(Scraped caption text data)
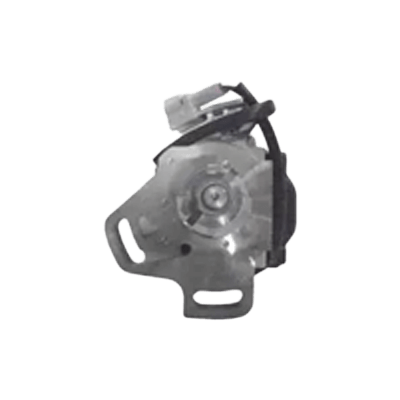 TOYOTA用イグニッションディストリビューター 19020-15180-Dah Kee Co., Ltd.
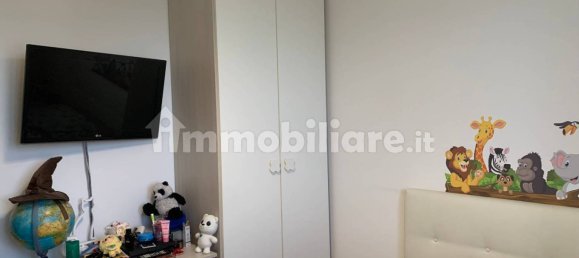 3 bedrooms House in Pianiga, Italy No. 358584 30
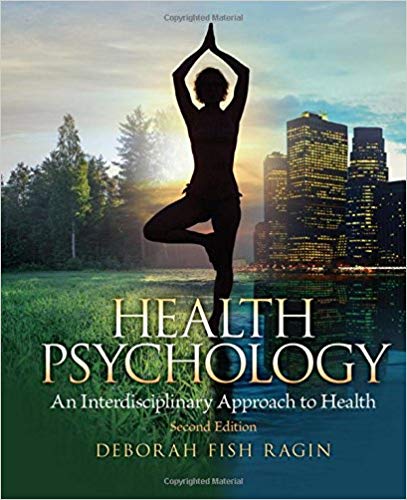 Health Psychology 2e Deborah Ragin Test Bank.jpg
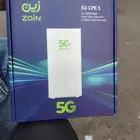 زين5G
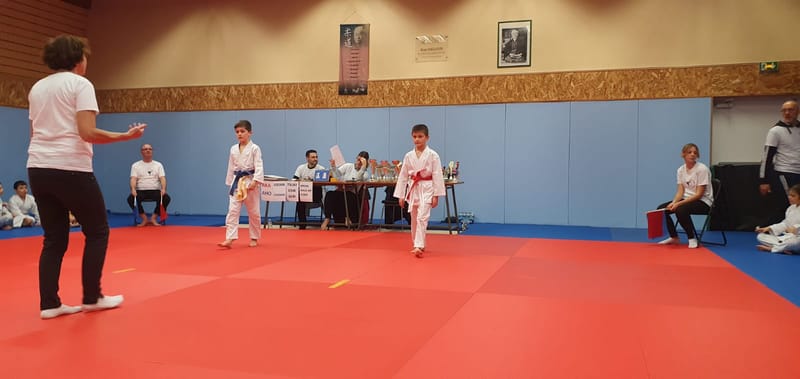 2024-02-17 Coupe Samouraï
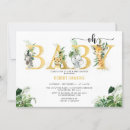 Recherche de editable invitations Baby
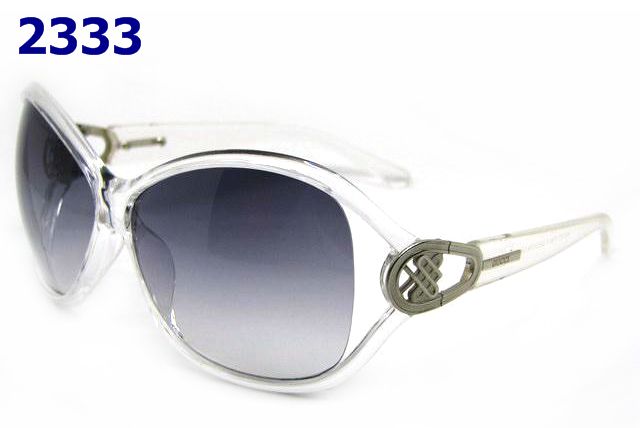 G sunglasses-038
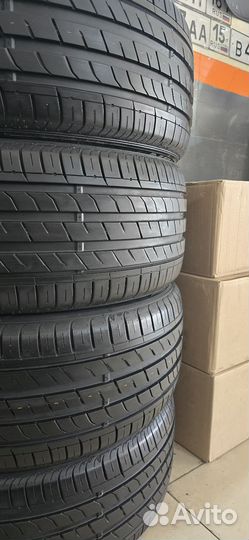 Nexen N Fera RU1 235/45 R18 94V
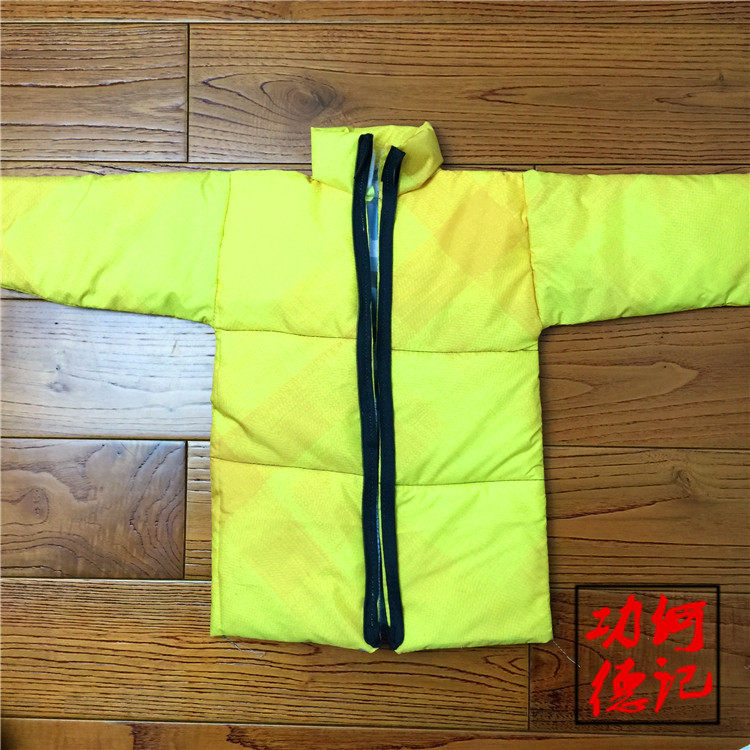 四季冥衣布料套装非纸衣服寒衣清明节仙家殡葬祭祀用品热卖批发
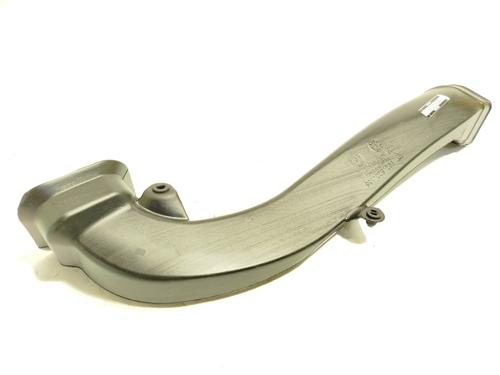 Used Pipe PORSCHE 911 Convertible (992) 3.8 Turbo S (992650) (650 hp) 24367576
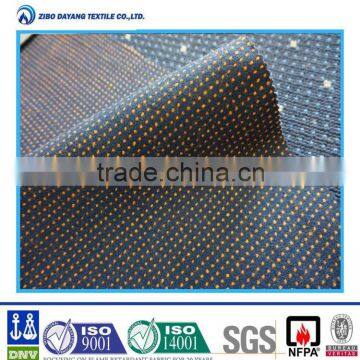 100% polyester jacquard fleece fabric m1 furniture                        
                                                                                Supplier's Choice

## Exercise
Please copy, exactly as written, the lines from the one that contains "Nexen N Fera RU1 235/45 R18 94V" through the end of the records, both ends included. Do not include the pictures.

## Finished exercise
 Nexen N Fera RU1 235/45 R18 94V
 四季冥衣布料套装非纸衣服寒衣清明节仙家殡葬祭祀用品热卖批发
 Used Pipe PORSCHE 911 Convertible (992) 3.8 Turbo S (992650) (650 hp) 24367576
 100% polyester jacquard fleece fabric m1 furniture                        
                                                                                Supplier's Choice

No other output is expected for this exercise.